StatefulSet Rollout

To implement the BOSH behaviour during rollout of a new manifest, an special controller is introduced.

Motivation

The former implementation use a new StatefulSet for each new version of a manifest. This had the following drawbacks:

  • Update on a cluster with multiple nodes was not working. When the new pods were started on a different node, the volume was blocked by the old pod.
  • On a single node cluster this was also not working, if the workload (e.g. mysql) was using a lock on the volume on file-system level.

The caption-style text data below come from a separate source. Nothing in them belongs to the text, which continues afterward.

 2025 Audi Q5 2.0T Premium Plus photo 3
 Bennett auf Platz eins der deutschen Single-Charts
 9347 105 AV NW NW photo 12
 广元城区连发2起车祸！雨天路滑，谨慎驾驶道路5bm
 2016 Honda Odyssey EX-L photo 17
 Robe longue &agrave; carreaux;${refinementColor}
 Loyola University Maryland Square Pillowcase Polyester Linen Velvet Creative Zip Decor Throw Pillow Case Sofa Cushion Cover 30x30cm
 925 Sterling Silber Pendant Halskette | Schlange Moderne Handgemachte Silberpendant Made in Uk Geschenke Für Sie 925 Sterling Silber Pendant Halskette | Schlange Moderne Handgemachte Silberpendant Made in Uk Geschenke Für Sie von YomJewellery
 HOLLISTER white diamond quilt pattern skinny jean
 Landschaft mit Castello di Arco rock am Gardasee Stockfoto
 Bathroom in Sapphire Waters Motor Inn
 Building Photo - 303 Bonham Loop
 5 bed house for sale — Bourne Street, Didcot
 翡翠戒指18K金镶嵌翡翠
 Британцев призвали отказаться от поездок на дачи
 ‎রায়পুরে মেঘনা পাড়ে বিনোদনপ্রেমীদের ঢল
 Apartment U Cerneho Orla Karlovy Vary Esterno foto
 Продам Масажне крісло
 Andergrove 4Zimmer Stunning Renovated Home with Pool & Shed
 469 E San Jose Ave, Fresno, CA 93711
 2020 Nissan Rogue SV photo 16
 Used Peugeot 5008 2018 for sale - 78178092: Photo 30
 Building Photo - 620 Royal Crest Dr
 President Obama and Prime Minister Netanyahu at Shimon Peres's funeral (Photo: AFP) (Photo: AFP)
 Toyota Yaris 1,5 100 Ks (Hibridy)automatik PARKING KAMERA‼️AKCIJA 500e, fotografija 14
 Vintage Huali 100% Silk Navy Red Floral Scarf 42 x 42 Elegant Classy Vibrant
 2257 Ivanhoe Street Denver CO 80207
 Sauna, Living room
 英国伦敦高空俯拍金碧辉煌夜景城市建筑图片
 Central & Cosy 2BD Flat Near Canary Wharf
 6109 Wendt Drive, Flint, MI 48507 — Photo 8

Why standard K8s StatefulSet is not sufficient

  • Out-of-order updates are possible when e.g. a pod/node crashes.
  • Recovering from a failed deployment is not possible with the standard kubernetes StatefulSet controller.
  • There is no timeout when the new deployment is rolled out and is stuck.

Statemachine

This controller implements the following state machine

Known Limitations

CanaryUpscale

During upscale, there is no real canary behaviour implemented. If a StatefulSet is scaled from 3 to 5 replicas, the state changes to CanaryUpscale and Partition is set to 2. The k8s statefulset controller creates the 2 missing instances. If all instances are ready the controller switches to state Rollout and continues as usual. Due to the fact that more than 1 instance might be updated in state CanaryUpscale, the update-watch-time is used as timeout.

Single Replica

The former implementation was starting a second pod during the update before shutting down the old one. This is no longer possible as the name of the pod won’t change and results in a downtime.